The Center for Southeast Asian Studies (CSEAS), Kyoto University, proudly announces the launch of a Consortium for Southeast Asian Studies in Asia (SEASIA).

Over the past few decades, in tandem with ever-deepening economic integration and increasing cross-border flows and movements of people, goods, ideas and technologies, a number of leading organizations, communities, and individuals in East Asia (Northeast and Southeast Asia)
have been initiating, cementing and institutionalizing both regional and global linkages and collaborations at the governmental and non-governmental levels, particularly in business, academia and the arts.

Network-style academic cooperation has become de rigueur among area specialists as well. But so far, academic cooperation in the East Asia region has mainly taken the form of bundles of bilateral (or at most trilateral) exchanges and collaboration, involving great expenditure of
time, energy and funds. There are many overlaps in the thematic focus of conferences, symposia and workshops sponsored individually or jointly by area studies institutions. Some of the unintended consequences of this noodle-bowl phenomenon include intellectual fragmentation and segmentation even within one particular topic of “area studies.” Fragmentation and segmentation may actually impede the development of synergistic, inter- and multidisciplinary and comparative approaches to area studies. These are goals and endeavors that are held and pursued in common by all of us scholars who are keen to promote area studies. In an era of budget cuts, it makes more sense for area studies institutions to work together.

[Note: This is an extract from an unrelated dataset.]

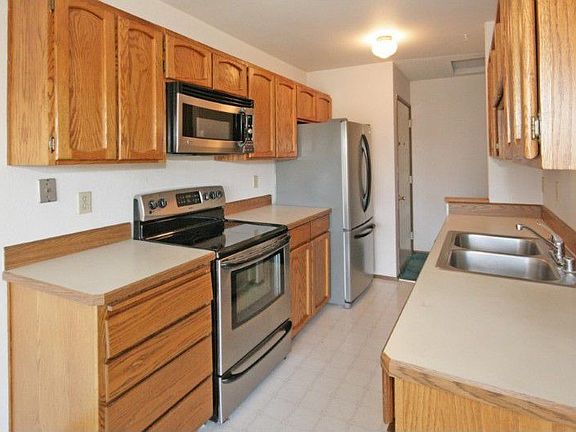 2nd image of 17430 Ambaum Blvd S APT 9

The study of Southeast Asia is an integral part of Asian studies and is represented in various international academic meetings. Furthermore, there are many region-based institutions that have provided excellent platforms for promoting Southeast Asian studies. However, the establishment of a region-based consortium of Southeast Asian Studies aims to complement these regional and global efforts by linking these hubs into a cooperative venture. It will provide a multilateral regional forum in the form of annual meetings, along with smaller joint workshops or conferences; a system for sharing information about each other’s activities; opportunities for education and training of young and up-and-coming scholars -for promoting collaboration and exchanges among Southeast Asia- and other East Asia-based Southeast Asianists.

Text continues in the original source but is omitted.